### Practical on how does keyword based searches work

In [4]:
from sklearn.feature_extraction.text import TfidfVectorizer
from sklearn.metrics.pairwise import cosine_similarity
import numpy as np
import re

In [34]:
documents = [
    "satyajeet is taking a session",
    "everybody is attending the session",
    "this is on rag",
    "session also covers advanced rag"
]

query="satyajeet"


In [35]:
vector=TfidfVectorizer()
X=vector.fit_transform(documents)


In [36]:
X.toarray()[0]

array([0.        , 0.        , 0.        , 0.        , 0.        ,
       0.38044393, 0.        , 0.        , 0.59603894, 0.38044393,
       0.59603894, 0.        , 0.        ])

In [37]:
y=vector.transform([query])

In [38]:
y.toarray()

array([[0., 0., 0., 0., 0., 0., 0., 0., 1., 0., 0., 0., 0.]])

In [39]:
similarities = cosine_similarity(X, y)
np.argsort(similarities,axis=0)
ranked_indices=np.argsort(similarities,axis=0)[::-1].flatten()

In [40]:
ranked_indices

array([0, 3, 2, 1])

In [41]:
ranked_documents = [documents[i] for i in ranked_indices]
for i, doc in enumerate(ranked_documents):
    print(f"Rank {i+1}: {doc}")

Rank 1: satyajeet is taking a session
Rank 2: session  also covers advanced rag
Rank 3: this is on rag
Rank 4: everybody is attending the session


#### How is BM25 different from Tf-IDF

### 1) Handling Document Length
**TF-IDF:**
- Doesn't account for document length.
- Long documents with repeated terms can get unfairly high scores, even if they are less relevant.

Example:
- Consider two documents with the query "machine learning":
> Doc 1: "machine learning is important as it is widely used in industries."

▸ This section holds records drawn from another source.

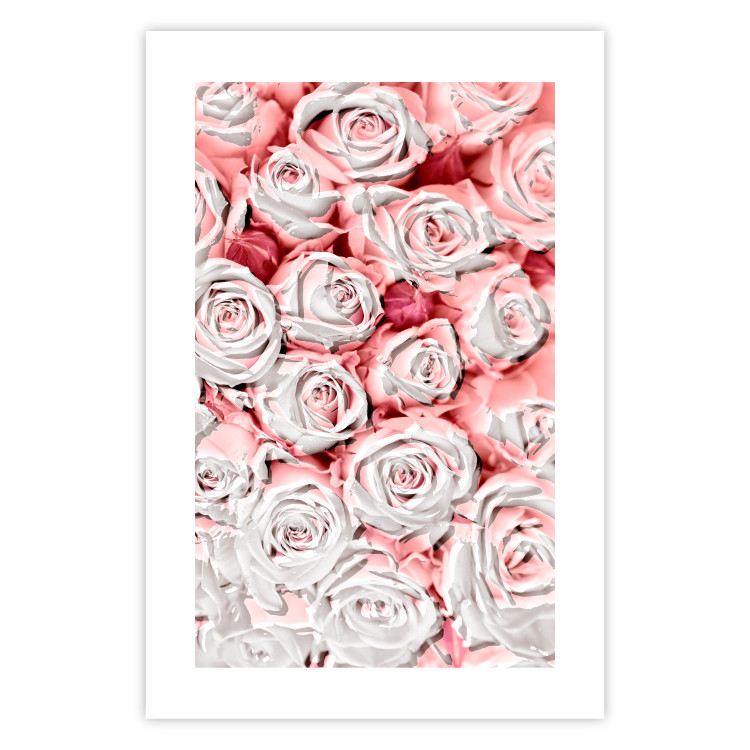 Wall Poster White Roses - beautiful composition of lovely flowers in light pink color 117900 additionalImage 18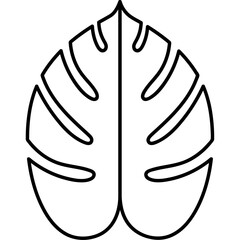 Leaves Plants Illustration Design 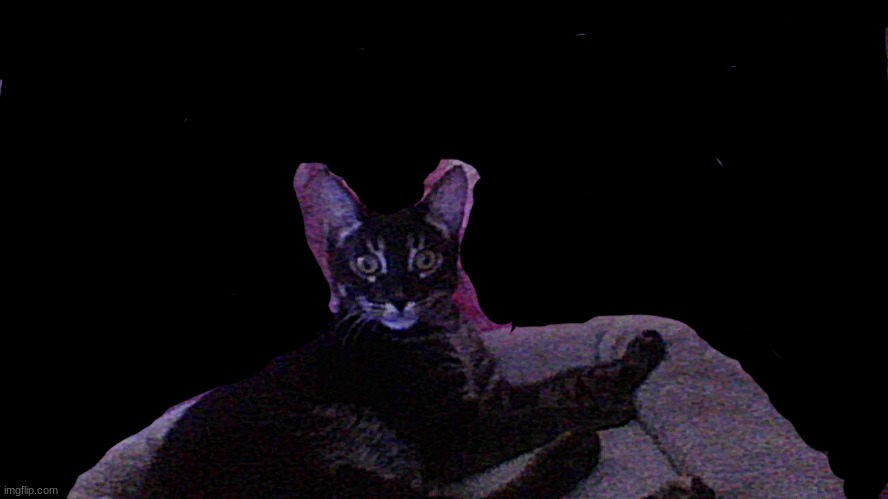 my cat again (also his name is fluffy) | made w/ Imgflip meme maker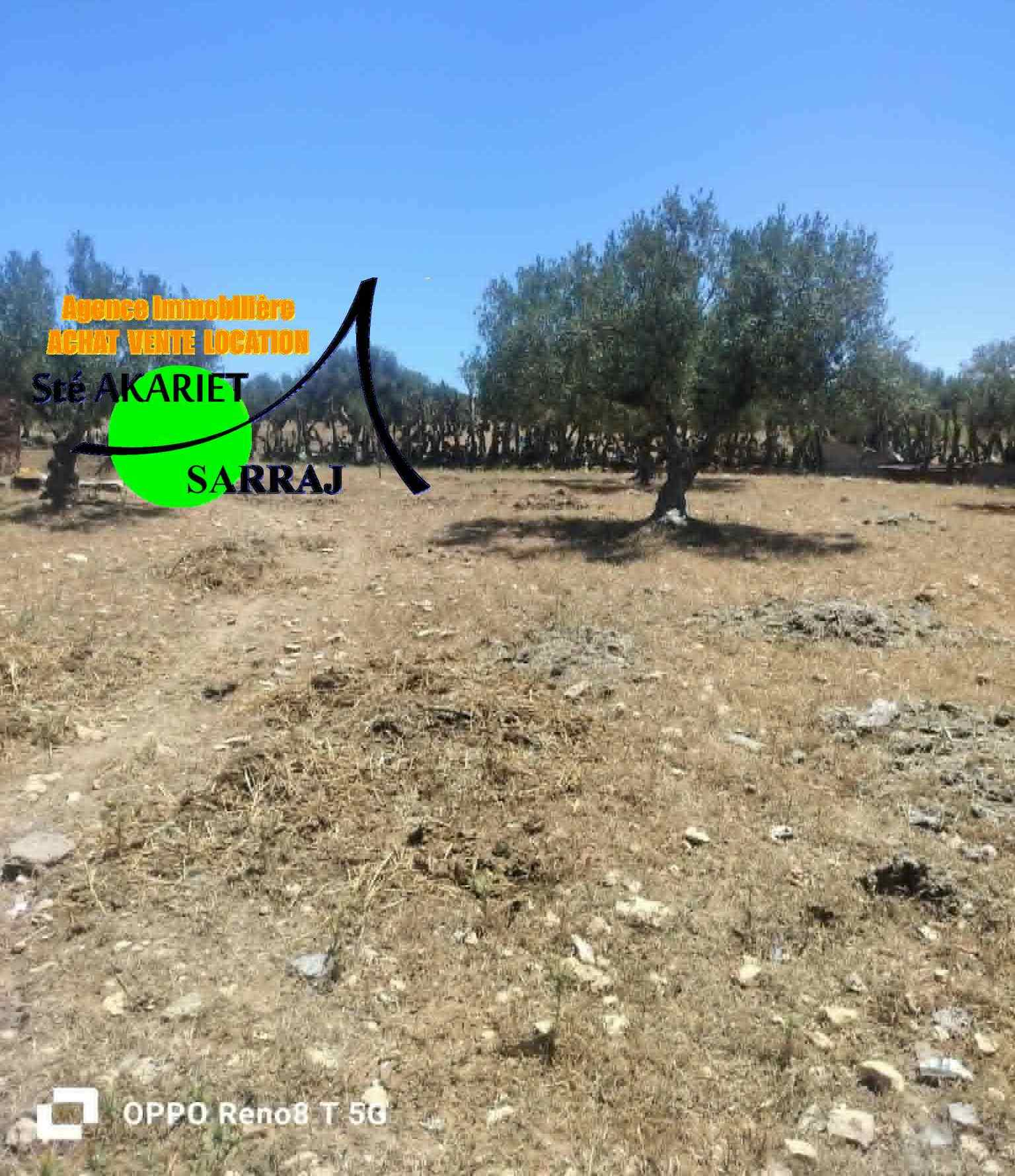 Hergla&nbsp;Hergla&nbsp;Terrain&nbsp;Terrain agricole&nbsp;Terrain titr� 401m pr�s de park karting hergla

> Doc 2: "machine learning is important. machine learning is widely used in industries."
- TF-IDF would assign a much higher score to Doc 2 because of repeated occurrences of "machine learning," even though Doc 1 might be more concise and relevant.

**BM25:**
- Normalizes term frequency based on document length, ensuring fair treatment of shorter documents.
- This avoids over-rewarding long documents with repeated terms.

#### 2) TF Saturation
**TF-IDF:**
- Treats term frequency linearly. A term appearing 10 times is considered 10 times more relevant than a term appearing once.
Example:
> Query: "artificial intelligence"

> Doc 1: "artificial intelligence is a field of study."

> Doc 2: "artificial intelligence artificial intelligence artificial intelligence in every line."

- TF-IDF would unfairly boost Doc 2 due to repeated occurrences of the query terms.

**BM25:**
- Introduces a saturation mechanism using 𝑘1, ensuring diminishing returns for repeated term occurrences.
-In the above case, BM25 recognizes that after a certain frequency, additional occurrences of "artificial intelligence" do not significantly increase relevance.